(Work task)
Repeat only the lines below that run from the line with "QR code with" to the line with "Tarot By Day", ends included; skip every picture.

┌─ Given information

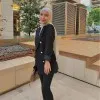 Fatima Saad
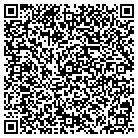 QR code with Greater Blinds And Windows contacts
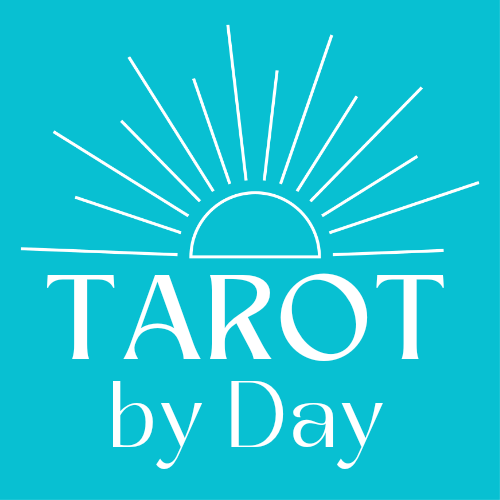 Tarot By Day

└─
┌─ Given information

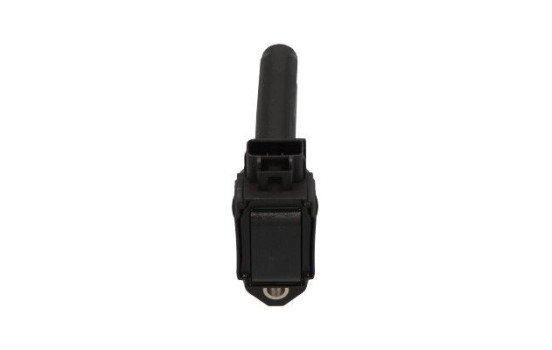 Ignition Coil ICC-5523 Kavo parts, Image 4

└─
┌─ Given information

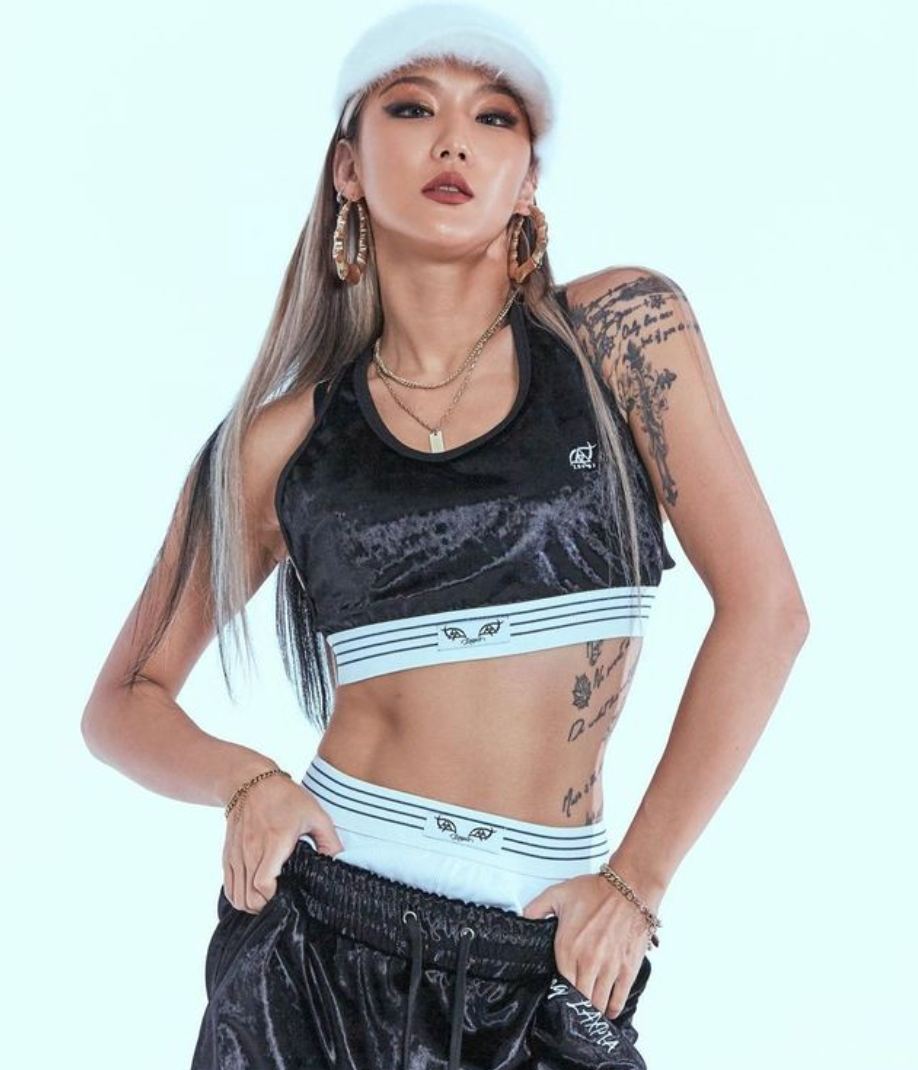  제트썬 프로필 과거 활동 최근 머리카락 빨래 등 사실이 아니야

└─

(Task solution)
 QR code with Greater Blinds And Windows contacts
 Tarot By Day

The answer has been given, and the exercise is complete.